▶ Task: Required from the data below: the exact lines starting at the line containing "LUMIX DC-TZ95で撮影された写真 | 写真検索 | GANREF" and ending at the line containing "PLANTA ROTALA RONTUNDIFOLIA", with both ends kept and all pictures dropped.

▶ Input data:
#####

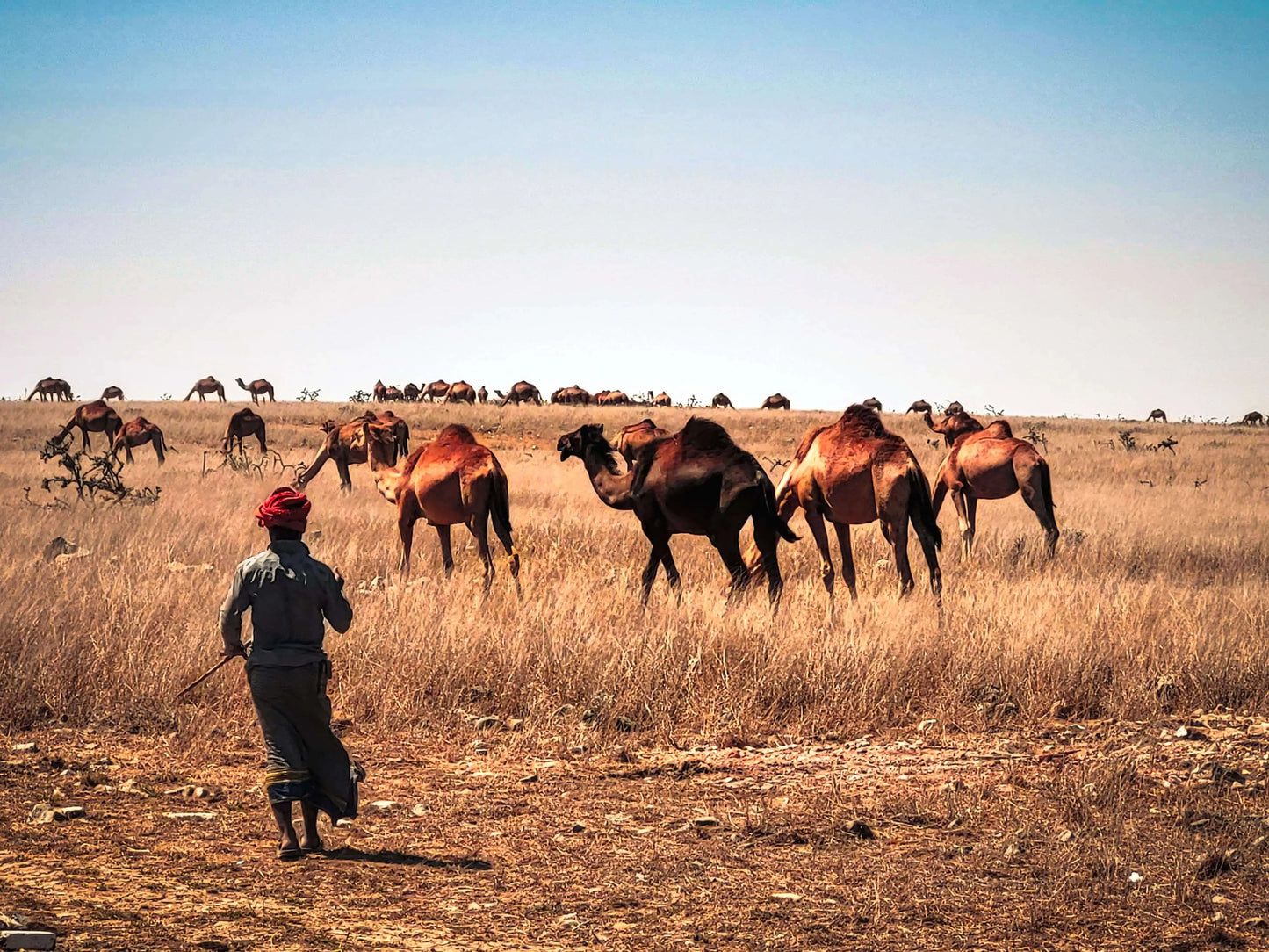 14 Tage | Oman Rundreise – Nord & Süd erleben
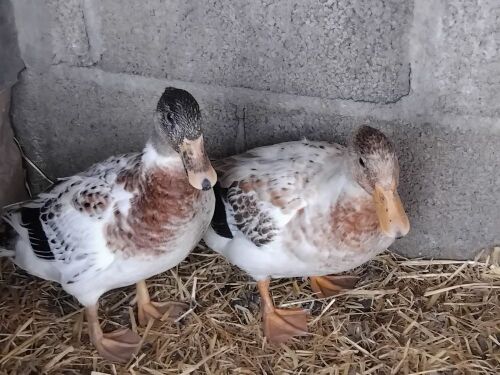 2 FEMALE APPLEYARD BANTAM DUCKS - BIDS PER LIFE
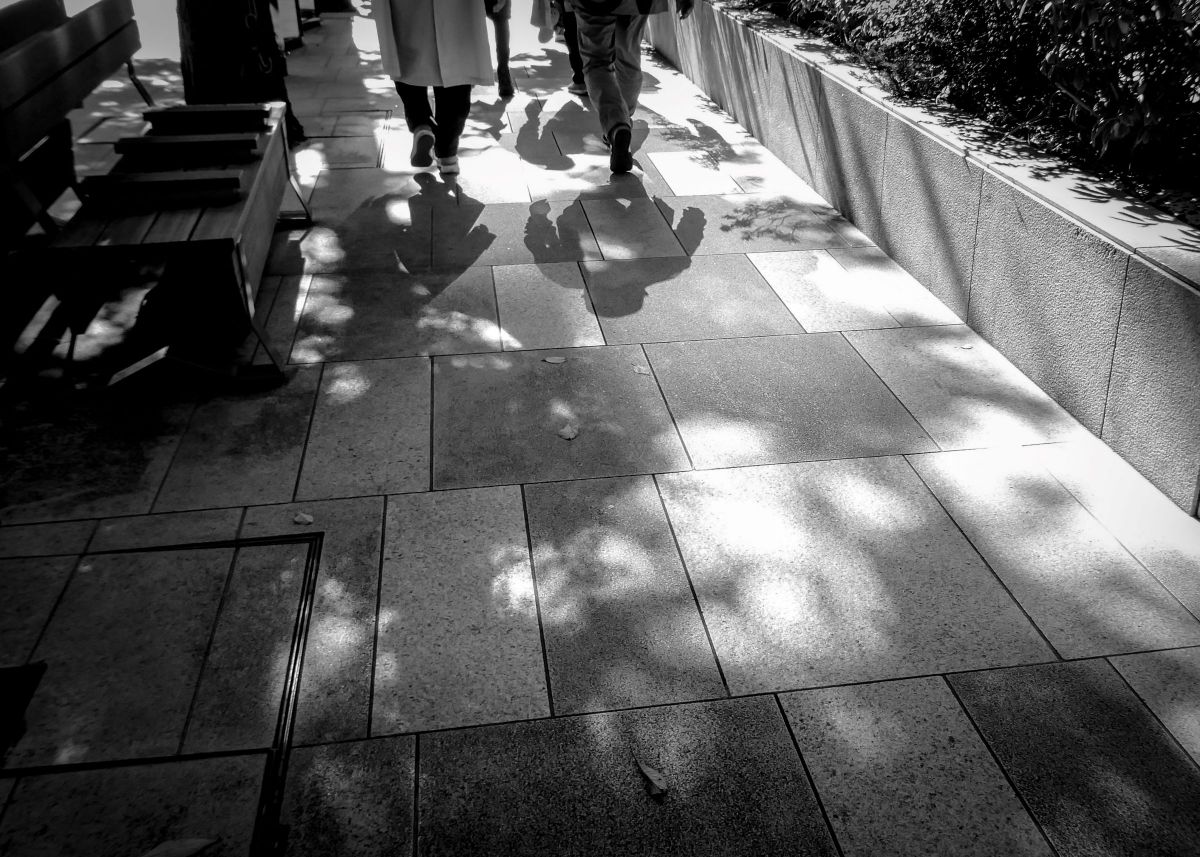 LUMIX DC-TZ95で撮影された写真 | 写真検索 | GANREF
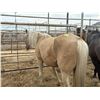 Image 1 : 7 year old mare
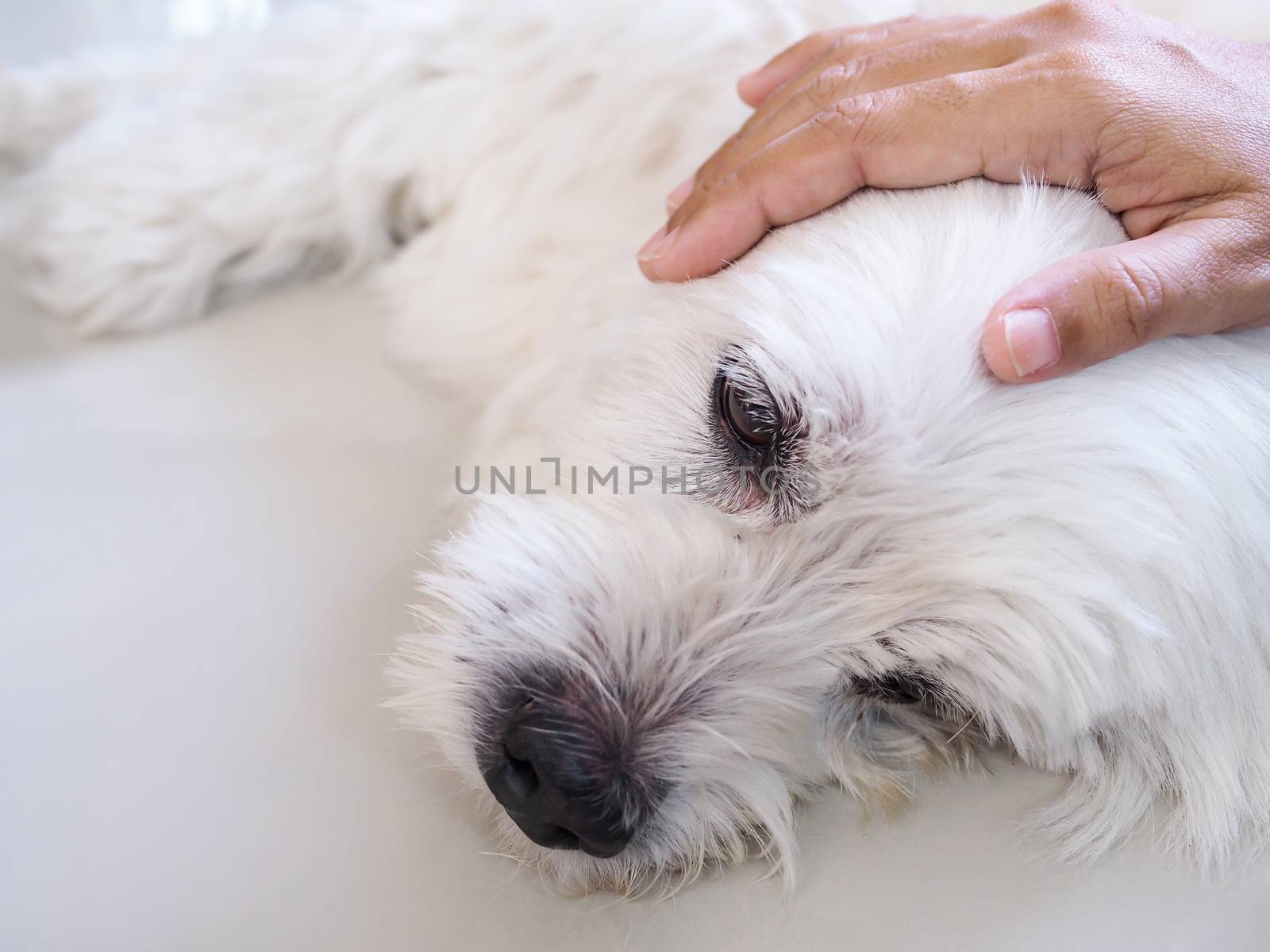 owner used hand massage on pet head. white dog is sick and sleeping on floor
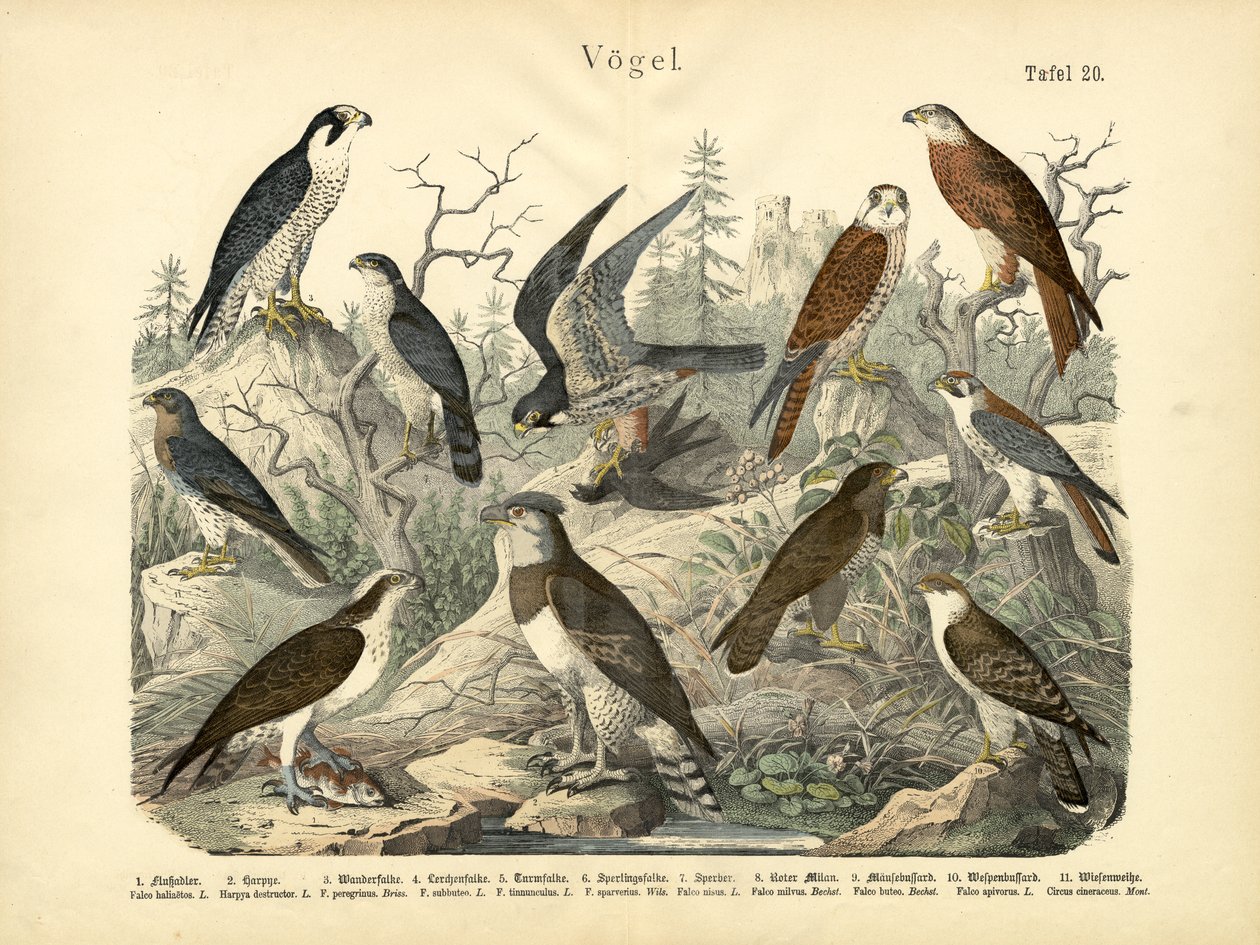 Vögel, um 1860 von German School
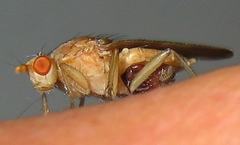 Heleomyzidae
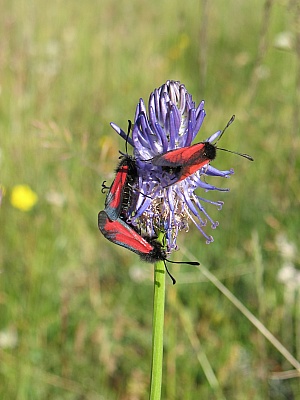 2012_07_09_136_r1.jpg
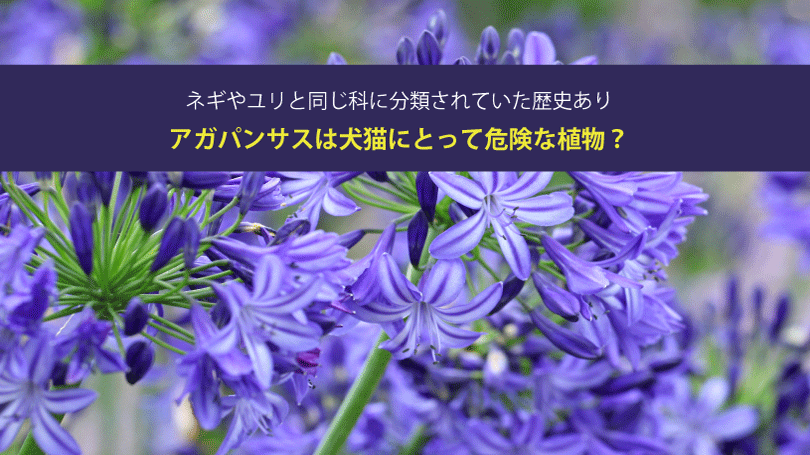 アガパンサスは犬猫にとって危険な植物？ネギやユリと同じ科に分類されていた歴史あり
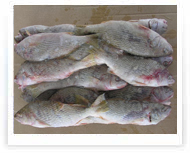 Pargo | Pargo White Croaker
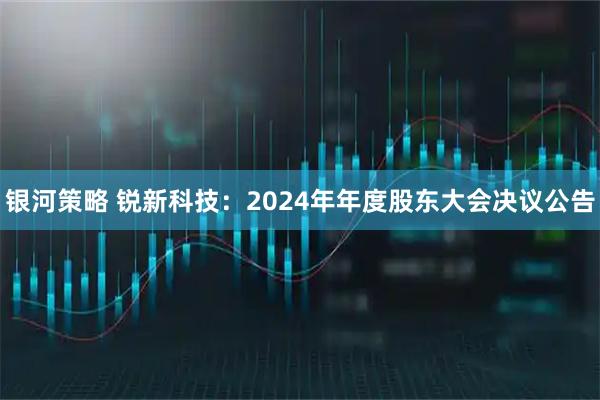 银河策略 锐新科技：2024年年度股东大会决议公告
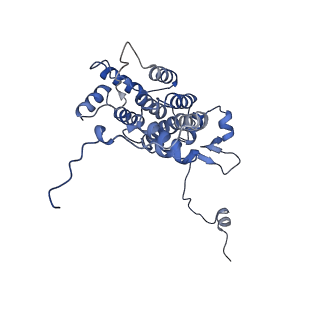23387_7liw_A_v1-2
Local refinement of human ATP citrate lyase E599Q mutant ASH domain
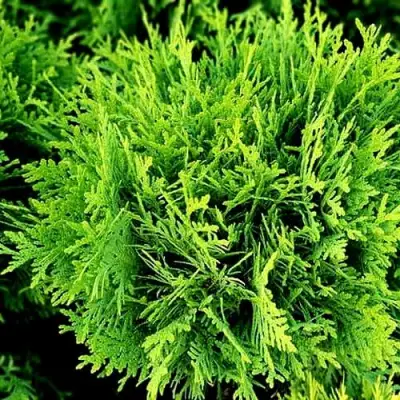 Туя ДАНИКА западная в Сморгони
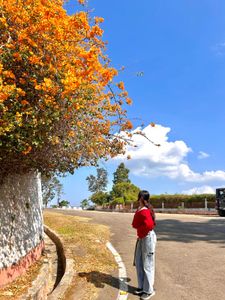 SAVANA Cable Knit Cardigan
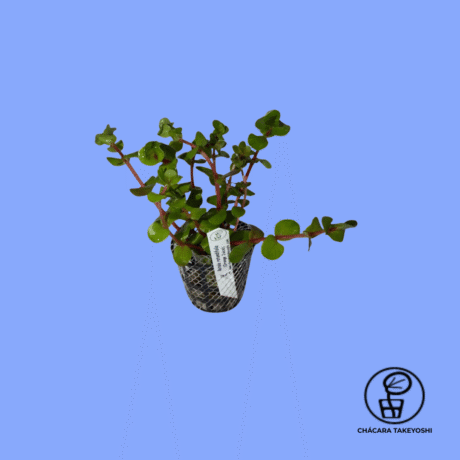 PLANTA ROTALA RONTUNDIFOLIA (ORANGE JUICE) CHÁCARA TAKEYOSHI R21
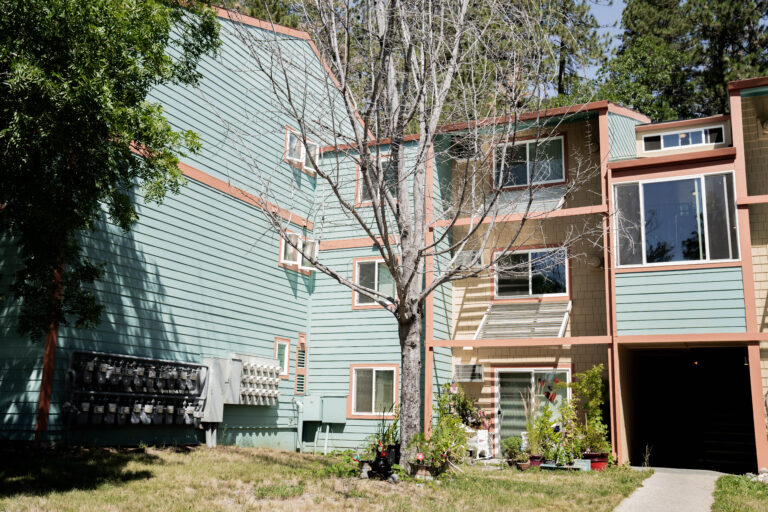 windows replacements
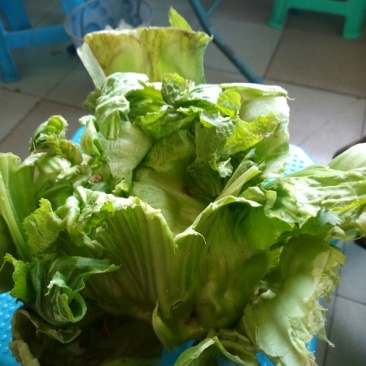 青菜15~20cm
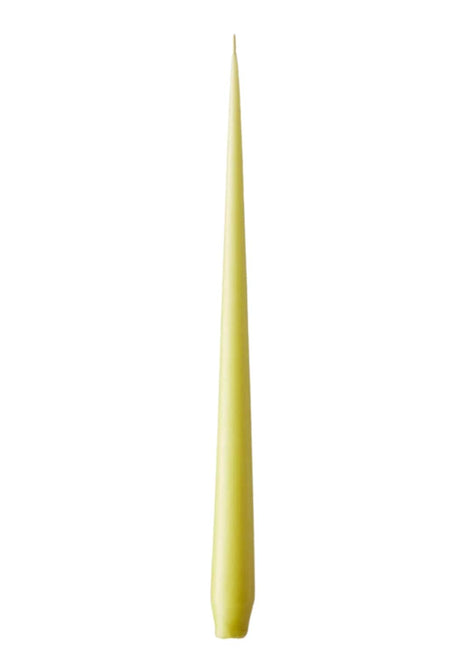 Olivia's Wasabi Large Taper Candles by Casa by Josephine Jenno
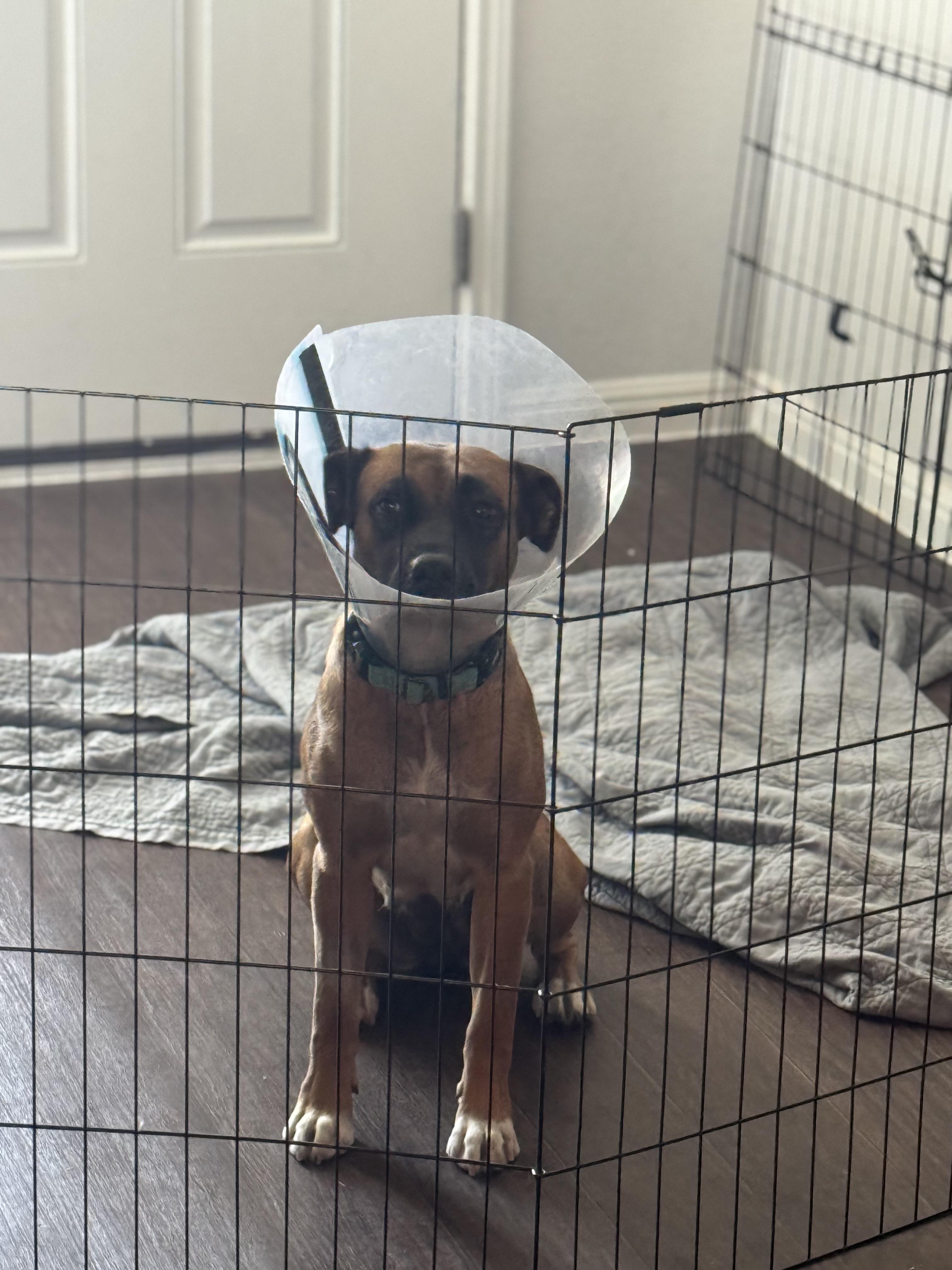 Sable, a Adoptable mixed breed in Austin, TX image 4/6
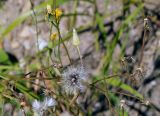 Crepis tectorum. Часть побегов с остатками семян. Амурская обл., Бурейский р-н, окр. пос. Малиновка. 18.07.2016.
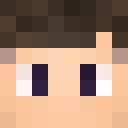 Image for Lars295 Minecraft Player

#####

▶ Response below:
 LUMIX DC-TZ95で撮影された写真 | 写真検索 | GANREF
 Image 1 : 7 year old mare
 owner used hand massage on pet head. white dog is sick and sleeping on floor
 Vögel, um 1860 von German School
 Heleomyzidae
 2012_07_09_136_r1.jpg
 アガパンサスは犬猫にとって危険な植物？ネギやユリと同じ科に分類されていた歴史あり
 Pargo | Pargo White Croaker
 银河策略 锐新科技：2024年年度股东大会决议公告
23387_7liw_A_v1-2
Local refinement of human ATP citrate lyase E599Q mutant ASH domain
 Туя ДАНИКА западная в Сморгони
 SAVANA Cable Knit Cardigan
 PLANTA ROTALA RONTUNDIFOLIA (ORANGE JUICE) CHÁCARA TAKEYOSHI R21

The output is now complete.